About this exercise. Leaving out the images, repeat all the lines below exactly.

Top of Data excerpt

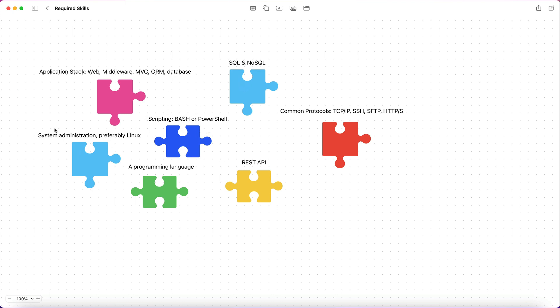So let's move next to system administration. So any application you have, regardless of what application stack it's running on, you need to know the basic administration. You need to know how to navigate the command line, how to mount a drive, how to do the day-to-day operations. System administration is a must.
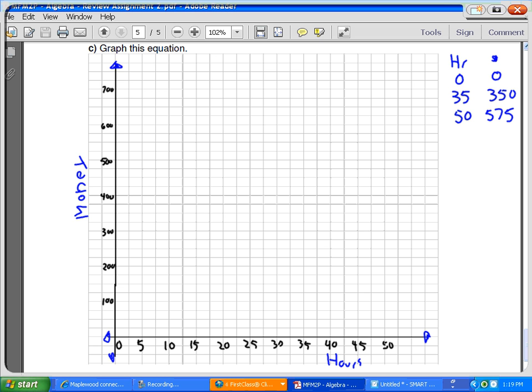Now, treat this like your x here. Hours are on the bottom. So I'm going to do 0 goes with 0. 35 goes up to 350. 50 goes to 575. I just got the points right from here. Your hours is on your x's and your money is like on your y's up and down. And if you say, Mr. Saddam, I don't know why that is, I would do it the other way. That's fine. I did not say what is x and what is y.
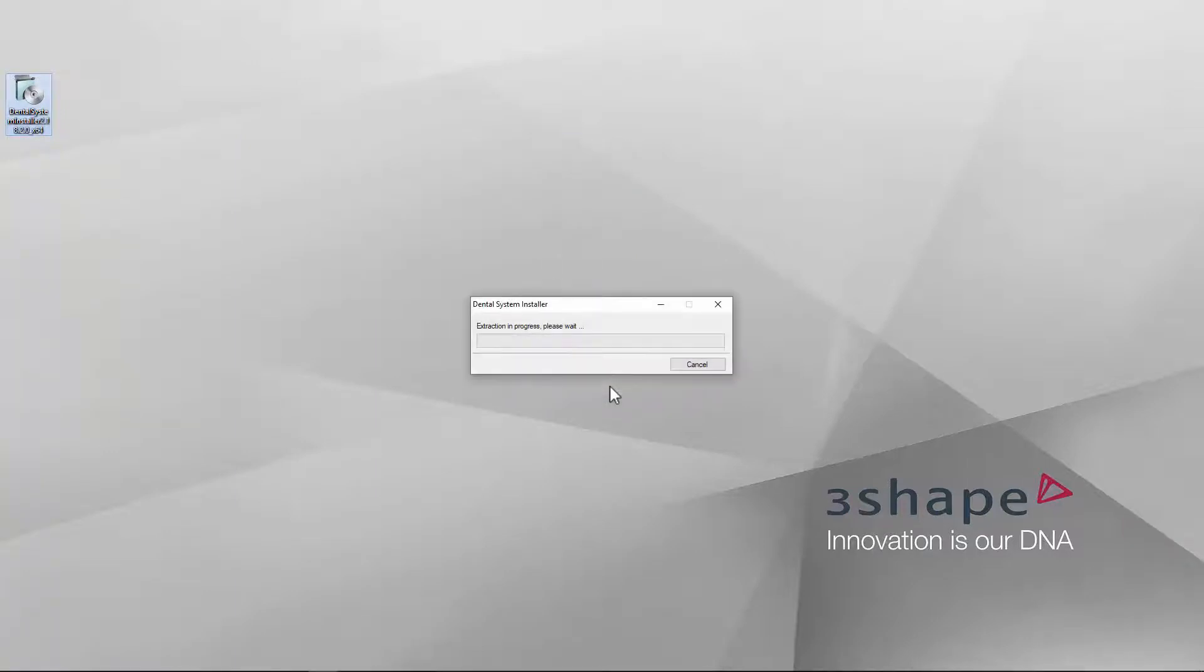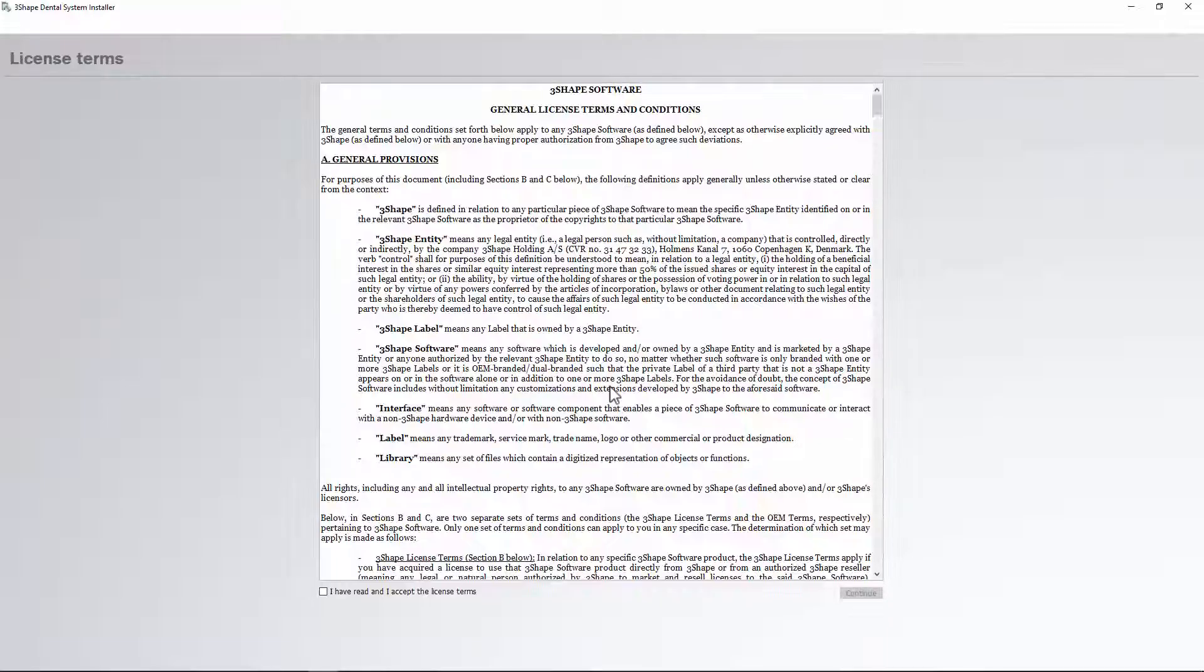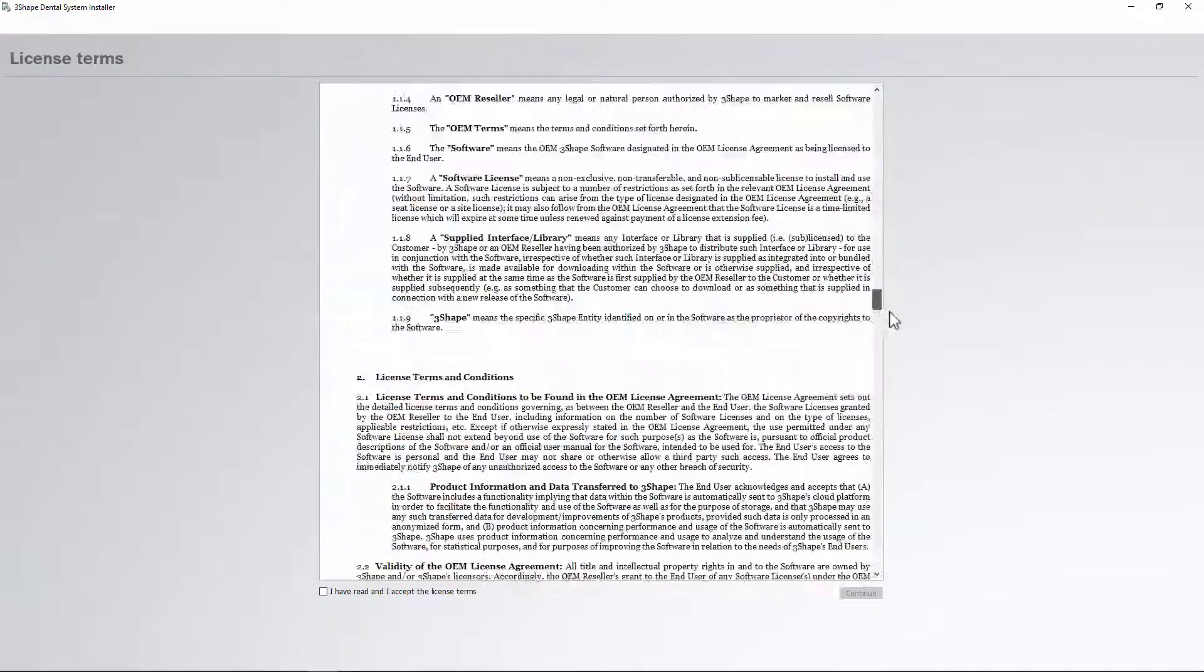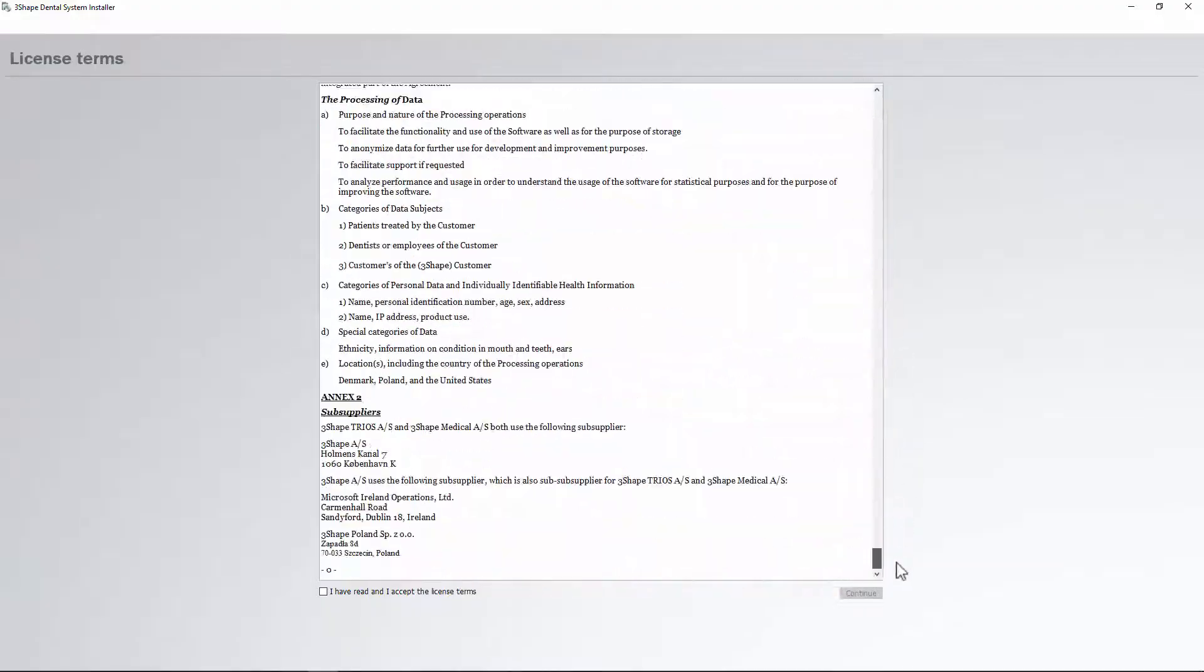The 3Shape software General License Terms and Conditions will open. Make sure that the user reads it carefully and understands. Then scroll down and accept the terms and conditions.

Bottom of Data excerpt

Solution to the problem.
So let's move next to system administration. So any application you have, regardless of what application stack it's running on, you need to know the basic administration. You need to know how to navigate the command line, how to mount a drive, how to do the day-to-day operations. System administration is a must.
Now, treat this like your x here. Hours are on the bottom. So I'm going to do 0 goes with 0. 35 goes up to 350. 50 goes to 575. I just got the points right from here. Your hours is on your x's and your money is like on your y's up and down. And if you say, Mr. Saddam, I don't know why that is, I would do it the other way. That's fine. I did not say what is x and what is y.
The 3Shape software General License Terms and Conditions will open. Make sure that the user reads it carefully and understands. Then scroll down and accept the terms and conditions.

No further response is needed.